Bankruptcy is the fastest way to resolve debt. Depending on the complexity of your case and if you qualify for chapter 7 bankruptcy, as opposed to chapter 13, you can see your debt disappear in about six months. Permanently! However, there are significant downsides to bankruptcy.
Each lawyer sets his or her own price for handling a bankruptcy case, but expect to spend at least $1,000 in lawyer and filing fees. That may sound like a lot, but it is not in comparison to the interest charges and other fees you may be paying now. If you qualify for chapter 7, more on this in a minute, your qualifying debts will be discharged (extinguished) at the end of the process. Also, the moment you file, you are protected from creditors by a "stay," which is a freeze on any creditor activities, including lawsuits, foreclosure, and contact creditors have with you.

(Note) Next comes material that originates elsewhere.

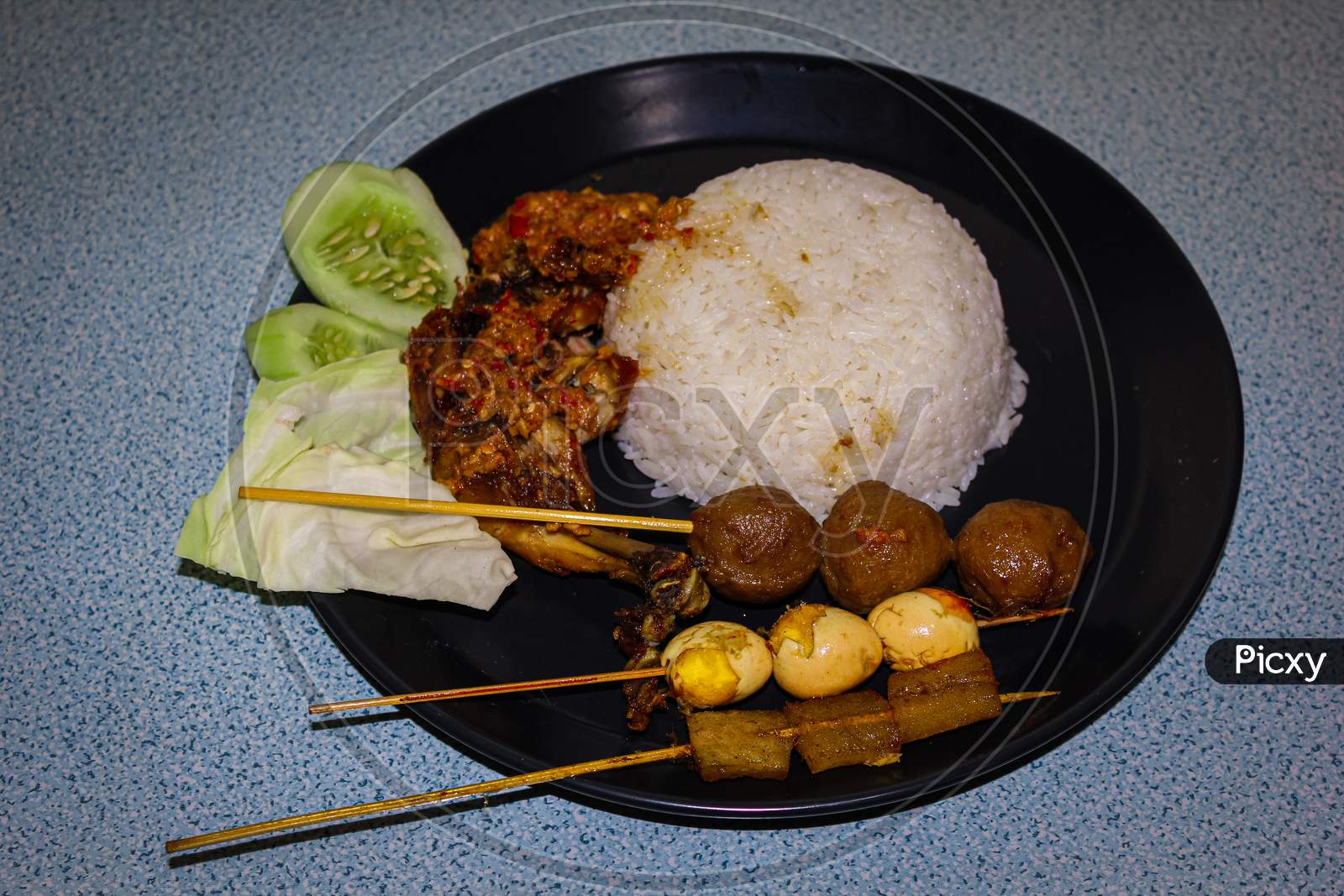 Complete penyet sauce fried chicken nasi rames (indonesian food)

The damage bankruptcy cases to a credit score is not permanent, and if you practice good credit hygiene your score will recover in 5 years or less.

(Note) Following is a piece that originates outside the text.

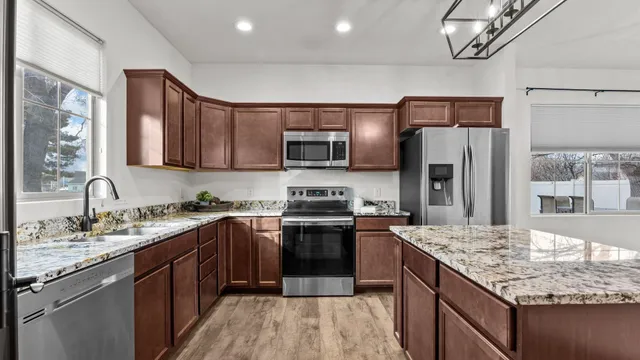 a kitchen with stainless steel appliances granite countertop a sink stove microwave and refrigerator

Not everyone qualifies for chapter 7. Consult with a lawyer to learn if your debts are sizable enough to qualify for chapter 7. If you cannot qualify for chapter 7, you can be placed in chapter 13, which sets a 5-year payment schedule for your debts. At the end of that time your remaining debts may be discharged, or you may need to pay the remainder depending on your circumstances. Student loans cannot be discharged in bankruptcy unless they are a significant hardship. Bankruptcy causes significant damage to a credit score.
Debt settlement is a relatively new service business, but it is based on an old and time-honored tactic for resolving debt. In law, this is called an "accord and satisfaction." In common language, it is called "making a deal."

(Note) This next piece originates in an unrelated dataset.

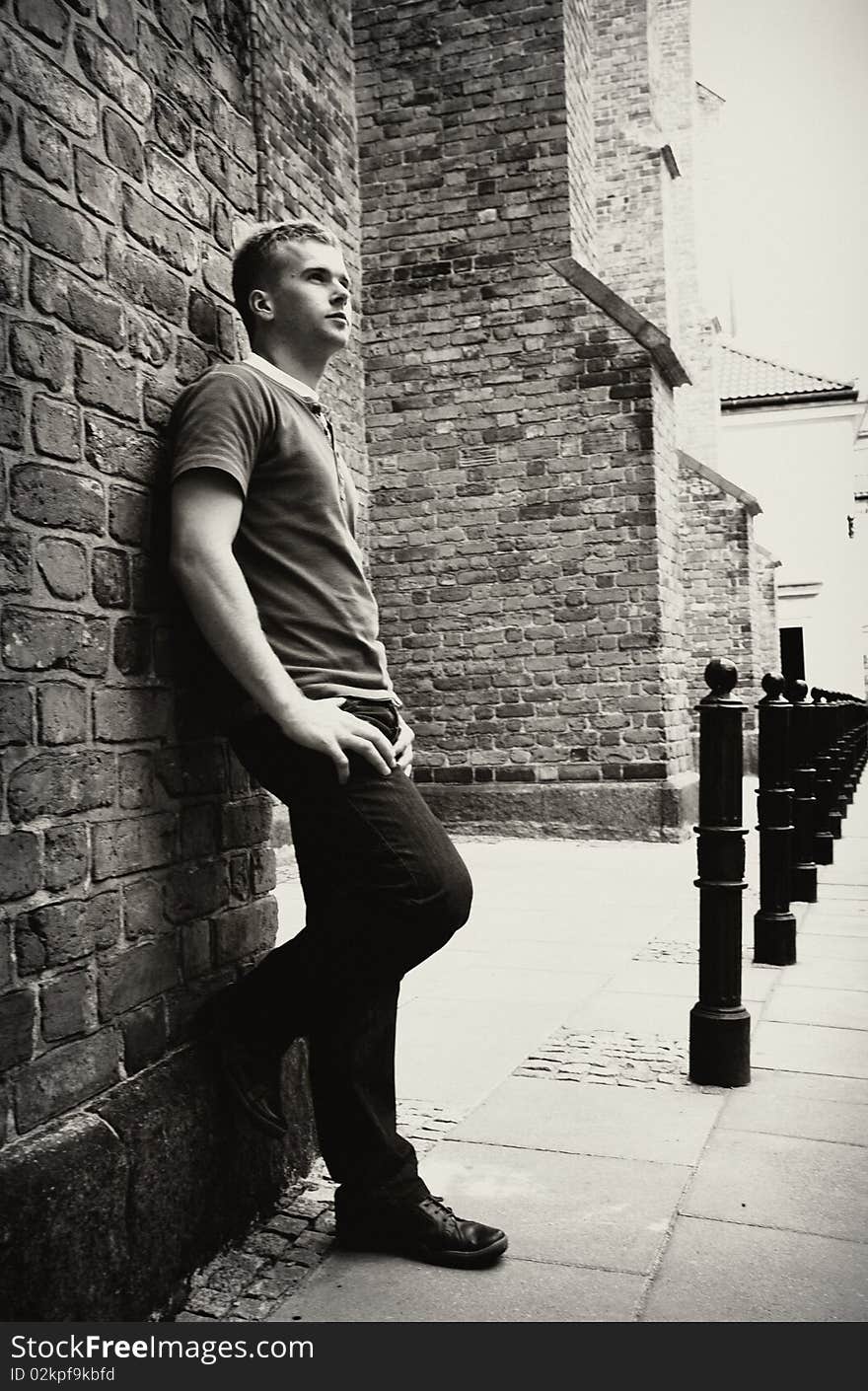 Handsome male standing near wall.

Here is how it works. You borrow $20 from a friend today, and promise to repay him tomorrow. Tomorrow comes and you do not have all $20 — you have $18 and some change in your pocket. You say, "I don't have all twenty, will you take $18 and some change?" Your friend, who may have a pressing need for the money, may say, "Fine, we're even." That's debt settlement. You can do debt settlement for your debts yourself, or hire a debt settlement company to handle negotiations for you.
Most debt settlement programs last 3 to 4 years, depending on the amount of debt and how much you can pay each month. Enrolled debt is settled for varying amounts depending on the circumstances, but the savings are often significant.
You stop paying your creditors, and instead put money into a special account the debt settlement company uses to negotiate lump-up settlements. This means your credit score will suffer. Some hyper-aggressive creditors file lawsuits against people in debt settlement programs. However, most creditors negotiate figuring that something is better than nothing, which is what they would get if you filed bankruptcy.
In debt avalanche, you line-up your debts by interest rate. You pay as much as you can to the account with the highest interest rate first, and pay the minimum to the others. Once that debt is paid off, you target the next highest interest rate debt, until you have paid everything off.
This is the cheapest way to pay off 100% of your debt. Is it fast? That depends on how focused you are on paying off the debt.
This pays off 100% of your debt, which takes more time than if you paid off less than 100% of your debt with debt settlement or bankruptcy. Not a fast method if you cannot afford to make large payments to pay-off your debt.
One tactic you should not try is faking your own death in an attempt to have your debts be extinguished by the probate process. You risk prosecution for fraud. Also, if you expect to cash-in on your life insurance, there are specialists who investigate life insurance fraud cases. There is no "Fake Death? Yay!" here. It's all "Fake Death? Boo!"
How quickly you reduce your debt depends on how fast you want to jettison the debt, and how much short-term pain you want to endure. Weigh your options, because there is no perfect solution on how to reduce debt.